The filing follows statements from Justice Secretary Menardo Guevarra and Prosecutor General Benedicto Malcontento accusing De Lima and Tacardon of violating the sub judice ("under a judge") rule, which prohibits parties from discussing trial proceedings.

But Malcontento, in November, said Tacardon cherry-picked the witness’ testimonies.

Guevarra, for his part, said then that he asked prosecutors to consider filing a petition to cite in contempt "persons who knowingly make comments or render opinions on the probative value of evidence being presented to court, with clear intent to influence the judge’s appreciation of evidence."

Senior Assistant City Prosecutor Darwin Cañete meanwhile told reporters prior to filing that Mark Lopez — a social media personality and his friend — brought the statements of De Lima’s legal team to his attention.

“We found those statements to be contemptuous, and which prompted us to file this case,” he said.

The prosecutors said that should the petition be given due course, they intend to present four reporters — among them a reporter for Philstar.com —  who wrote articles on Tacardon’s statements as witnesses. 

Tacardon’s statements

De Lima’s trial entered its fourth year in 2020, and the recent hearings saw government investigators and New Bilibid Prison inmates taking the witness stand for the prosecution, according to statements from the senator’s office.

In at least past three hearings, Tacardon said, an Anti-Money Laundering Council investigator and Philippine Drug Enforcement Agency forensic examiner testified that they found no suspicious transactions between the senator and drug convicts.

The prosecution, in its petition, cited Tacardon’s statement on the October 23, 2020 bail hearing which was picked up by several media outlets. They accused De Lima’s lawyer of “[wanting] to convey to the public that the Panel’s witnesses...have already cleared [De Lima].”

They also cited Tacardon’s statement on the November 13 hearing on three other witnesses.

De Lima also stood by her lawyer’s statements and said what they have been sharing are factual and were done under her authority.

The prosecution denied claims made in Tacardon's press statements.

‘Statements made to influence court for bail petition resolution’

The prosecutors said Tacardon and De Lima violated the sub judice rule, adding that they should be made liable for indirect contempt.

They said that statements made are “timely and deliberate”, as De Lima’s petition for bail will be submitted for resolution as the prosecution terminates its presentation of evidence on November 13.

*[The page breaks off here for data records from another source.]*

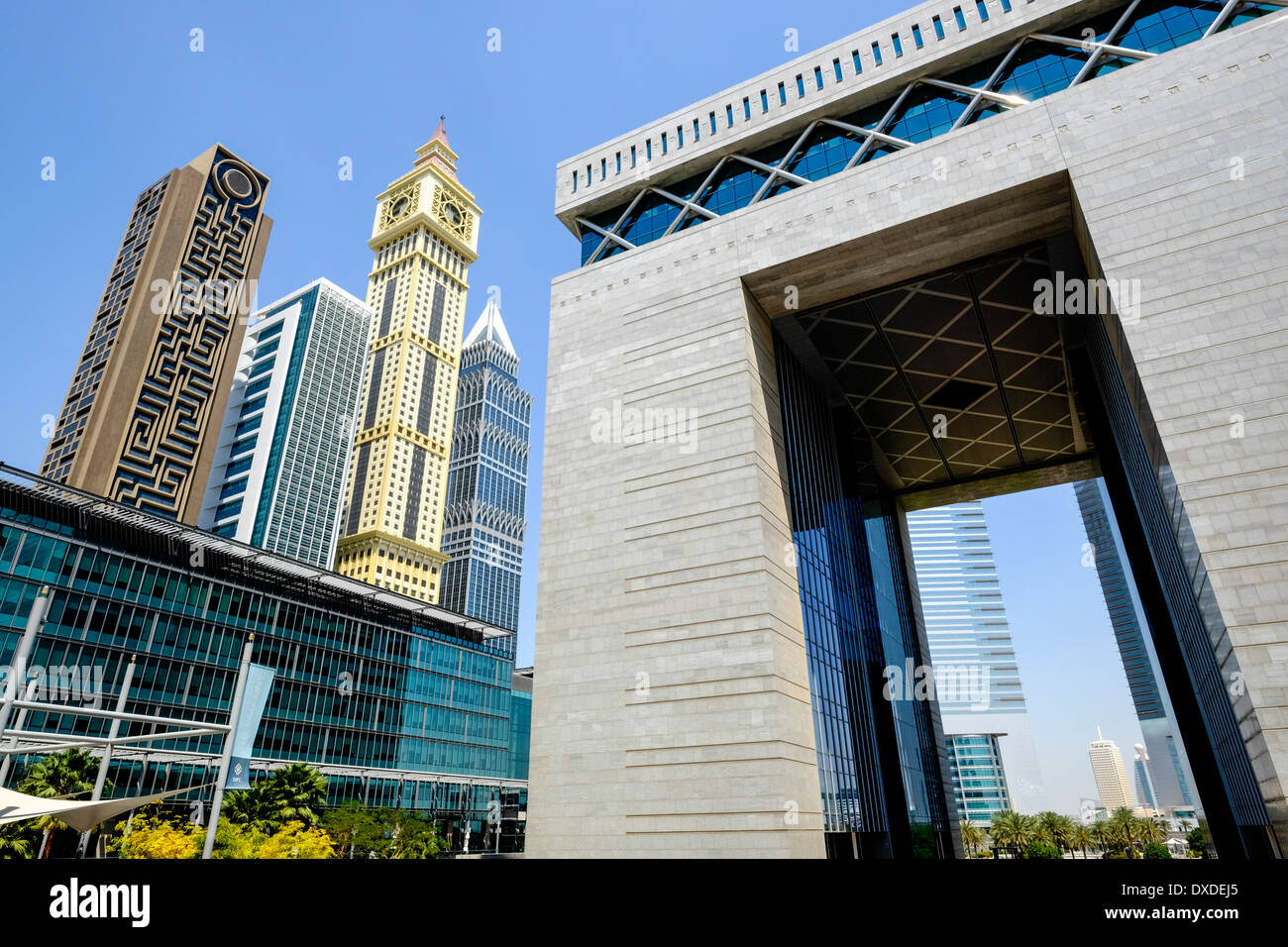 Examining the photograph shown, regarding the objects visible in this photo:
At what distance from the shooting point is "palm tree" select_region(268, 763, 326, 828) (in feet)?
145

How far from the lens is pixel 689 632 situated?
25.9m

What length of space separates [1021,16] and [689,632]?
90.6ft

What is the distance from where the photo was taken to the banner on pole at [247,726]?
74.6 feet

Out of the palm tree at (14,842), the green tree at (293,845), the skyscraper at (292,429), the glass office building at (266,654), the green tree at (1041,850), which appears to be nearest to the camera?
the palm tree at (14,842)

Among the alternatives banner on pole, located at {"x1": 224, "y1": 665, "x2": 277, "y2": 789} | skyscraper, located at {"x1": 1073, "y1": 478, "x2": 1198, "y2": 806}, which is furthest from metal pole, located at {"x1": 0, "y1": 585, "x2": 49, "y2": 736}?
skyscraper, located at {"x1": 1073, "y1": 478, "x2": 1198, "y2": 806}

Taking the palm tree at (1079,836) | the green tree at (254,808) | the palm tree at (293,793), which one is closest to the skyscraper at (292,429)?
the palm tree at (293,793)

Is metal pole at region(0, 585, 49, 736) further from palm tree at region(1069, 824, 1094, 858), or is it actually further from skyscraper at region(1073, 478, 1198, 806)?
skyscraper at region(1073, 478, 1198, 806)

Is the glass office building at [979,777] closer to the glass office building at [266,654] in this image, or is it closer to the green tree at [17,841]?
the glass office building at [266,654]

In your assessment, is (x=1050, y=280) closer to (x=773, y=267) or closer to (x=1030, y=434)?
(x=773, y=267)

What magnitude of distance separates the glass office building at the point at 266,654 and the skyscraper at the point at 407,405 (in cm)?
6953

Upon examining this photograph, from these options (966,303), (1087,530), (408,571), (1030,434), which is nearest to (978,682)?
(1087,530)

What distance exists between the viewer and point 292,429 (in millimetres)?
138875

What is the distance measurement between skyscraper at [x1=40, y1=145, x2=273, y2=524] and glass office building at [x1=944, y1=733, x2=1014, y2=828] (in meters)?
159

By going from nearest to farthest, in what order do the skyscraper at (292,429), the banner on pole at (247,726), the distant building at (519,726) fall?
1. the banner on pole at (247,726)
2. the distant building at (519,726)
3. the skyscraper at (292,429) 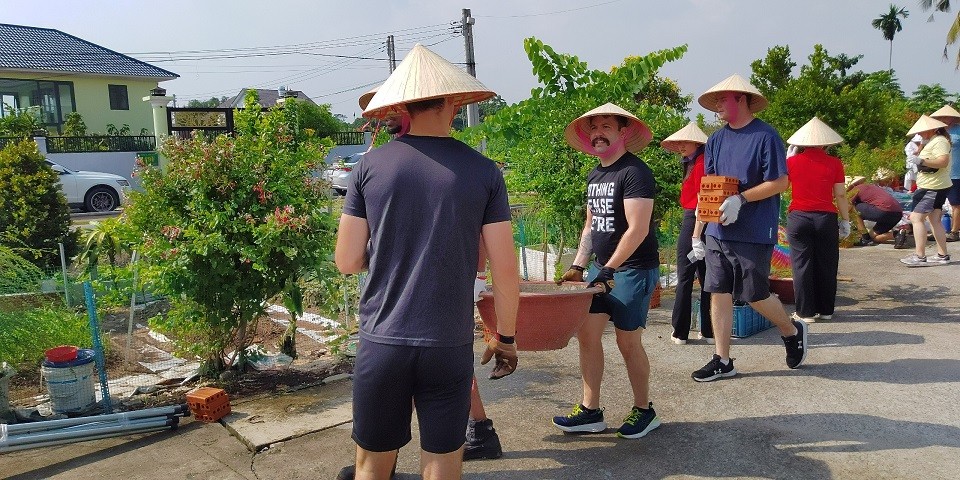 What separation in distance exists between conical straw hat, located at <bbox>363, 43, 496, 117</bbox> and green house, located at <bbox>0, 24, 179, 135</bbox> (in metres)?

RELATED: Saying evidence against her is weak, De Lima seeks provisional liberty | De Lima moves for bail in second drug case

"Their press statements and pronouncements in different media platforms have the power to persuade, influence, intimidate, incite the perception and sentiments of their colleagues and other government officials, including the trial court judges," they said.

The prosecutors also said Tacardon and De Lima "took advantage of the mainstream media to publish pronouncements intended to disinform or misinform the general public of the merits of the cases to the detriment of finding out the truth in each and every case.”

"This is an obvious attempt of respondents to condition the minds of the public and affect the Court in finally deciding on the criminal liability of the accused in its decision to these cases," they added.

"To reiterate, respondents’ intentional and malicious misinformation to the media and the eventual publication of the same not only constitute improper conduct tending to impede, obstruct and/or degrade the administration of justice but also to threaten the People’s constitutional right to a fair trial," they also said.